Macro fundamentals remain shekel supportive

ISRAEL - Report 24 Jun 2019 by Jonathan Katz

Highlights:

Residential completions increased sharply (18% q/q) in Q1 2019.
- This is supportive of softer rental prices as inventory increases.
- Housing starts declined in Q1 2019 but an upward revision is likely.

Job vacancies have declined in recent months.
- This is more pronounced in construction, but remains high in services.
- Generally, weaker demand for new workers suggests slowing growth.

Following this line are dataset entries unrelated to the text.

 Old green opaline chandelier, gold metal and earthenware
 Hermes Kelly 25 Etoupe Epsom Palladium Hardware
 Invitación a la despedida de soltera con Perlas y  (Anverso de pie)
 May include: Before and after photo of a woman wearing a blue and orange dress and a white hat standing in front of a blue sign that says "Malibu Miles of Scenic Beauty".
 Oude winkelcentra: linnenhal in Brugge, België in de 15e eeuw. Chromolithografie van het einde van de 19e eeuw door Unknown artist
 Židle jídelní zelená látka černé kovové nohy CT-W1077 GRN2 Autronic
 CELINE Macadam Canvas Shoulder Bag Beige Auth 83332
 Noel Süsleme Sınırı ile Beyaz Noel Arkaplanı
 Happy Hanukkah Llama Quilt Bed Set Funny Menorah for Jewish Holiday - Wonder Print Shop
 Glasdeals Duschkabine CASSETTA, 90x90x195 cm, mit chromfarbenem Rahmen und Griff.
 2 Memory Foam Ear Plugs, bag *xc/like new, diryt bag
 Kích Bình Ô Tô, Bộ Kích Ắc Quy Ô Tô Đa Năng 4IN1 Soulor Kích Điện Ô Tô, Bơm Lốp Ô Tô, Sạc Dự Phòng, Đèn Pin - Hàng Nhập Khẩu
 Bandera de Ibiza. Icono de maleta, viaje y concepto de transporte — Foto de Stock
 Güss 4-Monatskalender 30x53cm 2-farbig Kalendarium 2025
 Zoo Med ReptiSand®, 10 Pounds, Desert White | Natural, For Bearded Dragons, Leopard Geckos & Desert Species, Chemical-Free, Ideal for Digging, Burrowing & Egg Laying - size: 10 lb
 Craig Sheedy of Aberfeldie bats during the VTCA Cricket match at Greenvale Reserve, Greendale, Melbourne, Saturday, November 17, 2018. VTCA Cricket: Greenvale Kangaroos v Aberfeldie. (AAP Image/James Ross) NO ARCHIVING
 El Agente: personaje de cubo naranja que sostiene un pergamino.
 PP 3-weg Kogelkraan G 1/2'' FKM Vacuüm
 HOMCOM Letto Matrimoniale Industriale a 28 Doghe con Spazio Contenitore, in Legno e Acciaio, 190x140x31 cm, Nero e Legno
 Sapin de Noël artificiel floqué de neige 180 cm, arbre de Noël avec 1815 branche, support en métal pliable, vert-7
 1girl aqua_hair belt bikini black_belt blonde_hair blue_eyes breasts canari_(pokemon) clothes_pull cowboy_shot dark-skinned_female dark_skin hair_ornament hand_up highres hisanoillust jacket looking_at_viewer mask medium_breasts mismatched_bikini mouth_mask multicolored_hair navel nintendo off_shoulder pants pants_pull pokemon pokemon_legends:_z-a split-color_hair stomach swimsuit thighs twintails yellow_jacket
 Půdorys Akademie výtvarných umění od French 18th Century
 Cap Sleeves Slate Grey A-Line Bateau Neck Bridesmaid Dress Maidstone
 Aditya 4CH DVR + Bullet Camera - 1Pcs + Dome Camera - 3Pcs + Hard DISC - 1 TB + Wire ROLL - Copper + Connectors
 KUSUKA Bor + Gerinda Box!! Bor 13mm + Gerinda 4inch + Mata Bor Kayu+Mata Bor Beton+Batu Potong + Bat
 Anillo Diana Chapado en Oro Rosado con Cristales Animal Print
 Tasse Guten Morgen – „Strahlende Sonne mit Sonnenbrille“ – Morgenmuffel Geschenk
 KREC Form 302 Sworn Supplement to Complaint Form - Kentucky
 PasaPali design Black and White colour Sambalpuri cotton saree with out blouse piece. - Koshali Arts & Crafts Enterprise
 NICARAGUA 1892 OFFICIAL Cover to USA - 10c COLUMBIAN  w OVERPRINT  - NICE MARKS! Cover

Macro fundamentals remain shekel supportive:
- The CA surplus remained strong in Q1 2019 (2.8% GDP) on strong service export growth (hi tech mostly).
- In addition, net FDI reached 2.1% of GDP in Q1 2019.
- With Israeli institutions net FX sellers so far this year, the shekel has appreciated by 4.7% YTD (against the basket).
- We are pricing in some shekel weakness by year-end due to a problematic political reality that is making fiscal consolidation problematic.

The PMI declined in May to 50.4, with both export and domestic orders contracting.
- Manufacturing in Israel is facing the brunt of the global slowdown.

Nevertheless, hi-tech manufacturing actually increased in February-April by 27.1% saar.
- Other sectors witnessed a contraction of 1.1%.

Revenues from the total economy (VAT derived) increased by 2.1% saar in February-April, slowing from 2.5% in the previous three months. We expect some deceleration into Q2 2019.